By Roxana Slavcheva
Acknowledgements
I would like to first of all thank the Bartlett School of Architecture and Planning at UCL for awarding me the Sir Herbert Henry Bartlett travel award, which allowed me to visit Freiburg for the purpose of this investigation. Secondly, I thank Ani Gollas from the bottom of my heart for sparking my interest and providing me with foremost insight into this report’s topic, for welcoming me into her home, facilitating the logistics of my sojourn in Vauban and suggesting interviewee contacts whenever possible. I am grateful for the wonderful people I met while in Vauban and Freiburg and especially to my interviewees for their cooperativeness and professionalism. Lastly, I am very much indebted to my professors and colleagues at the Bartlett Development Planning Unit and my MSc program in Urban Economic Development. It is thanks to our studies, formal and informal discussions that I became deeply interested in the topic of this report and chose to pursue this interest further.
Foreword
I set out to visit Vauban, the eco-district of Freiburg im Breisgau in southwestern Germany, with the intention to interview local residents. I was interested in why they settled in this green-minded, newly-built district and what sacrifices they may have to make to live there rather than in a non-eco residence. Vauban is cited in the literature and media as a model eco-neighborhood within the eco-city of Freiburg. I was curious to explore, however, the underlying cause for the eco-district to be planned, designed and inhabited in its current shape and form. Was Vauban’s attractiveness a result of employment opportunities located there, a heightened sense of safety, or was the primary pull factor the eco lifestyle imbedded in every aspect of daily routine? How often do Vauban residents go into town (Freiburg or other cities) and for what purpose – shopping, amenities? How often do they use a car and for what purpose – commuting to and back from work, commercial activities? Most importantly, I wanted to find out what they missed the most in Vauban and what they wished the district had more of. Did they feel like they were making any sacrifices living there? These questions were engraved in my mind since I had read Andrew Purvis’s critique published in The Guardian in 2008, questioning the viability of this often-cited example of environmental sustainability.

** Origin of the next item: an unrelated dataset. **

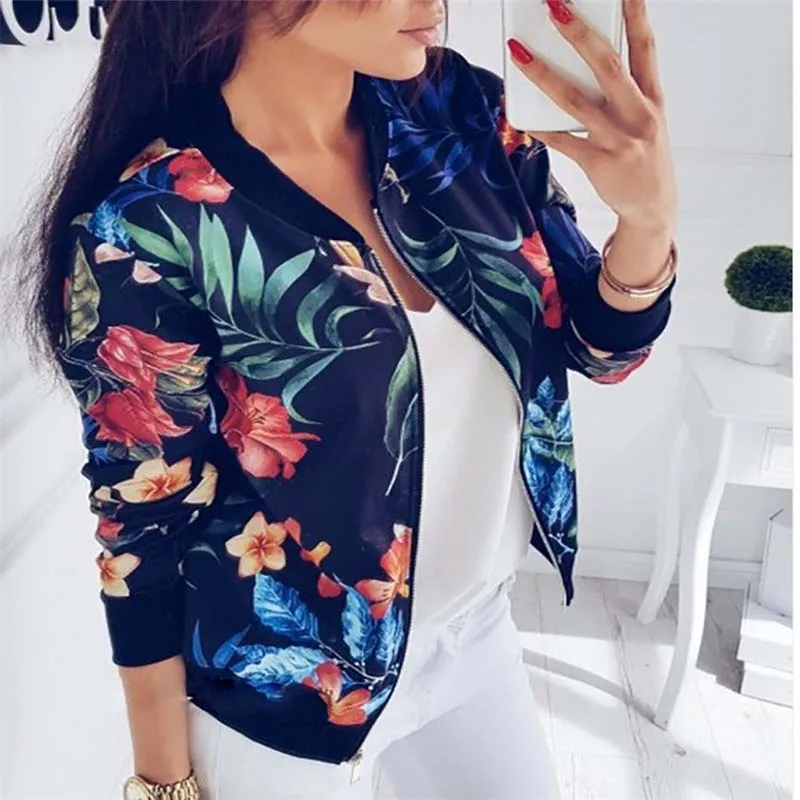 Fashion Autumn Women Floral Prints Jacket Coat XXL Flower Coats Zipper Long Sleeve Jacket Outwear Casual Tops White Blue New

Nevertheless, Vauban residents in general did not feel comfortable speaking about their decision to live in the neighborhood. The impression was that they had already received requests for interviews by previous researchers and did not see the point in continuing to participate in others. They refused to be treated as subjects in a great experiment but wished to be left in peace to enjoy their consciously chosen lifestyle. Perhaps too many scholars have spent time studying, researching and critiquing a grassroots movement such as the Vauban bottom-up, participatory planning process without realizing that not every example can be replicated with the same result. Neither are its problems necessarily a result of the organizational structure but that outside factors matter too.
Green City Hotel Vauban
As a result of Vauban’s fame, its inhabitants have developed wariness towards researchers and journalists. Yet, in the process of conducting field research, I found a topic that touched the hearts of most residents in this small, tight-knit community. The following report discusses a recent building project, completed and opened in June 2013 in Vauban. With construction finished, Green City Hotel Vauban has been the center of controversy publicized by the local and national media, but without receiving international recognition. I set out to explore if accusations hold ground on whether the hotel deceives the public that it is indeed “green” by capitalizing on Freiburg’s reputation as a green city. This is a popular marketing tactic known as greenwashing, which Investopedia defines as the use of the term “green” to manipulate public opinion to support ecological initiatives or images but in reality operating “in a way that is damaging to the environment or in an opposite manner to the goal of the announced initiatives […] through misleading advertising and unsubstantiated claims”. Through interviews, the investigation led me to uncover the true causes for controversy in building this hotel in the Vauban eco-district.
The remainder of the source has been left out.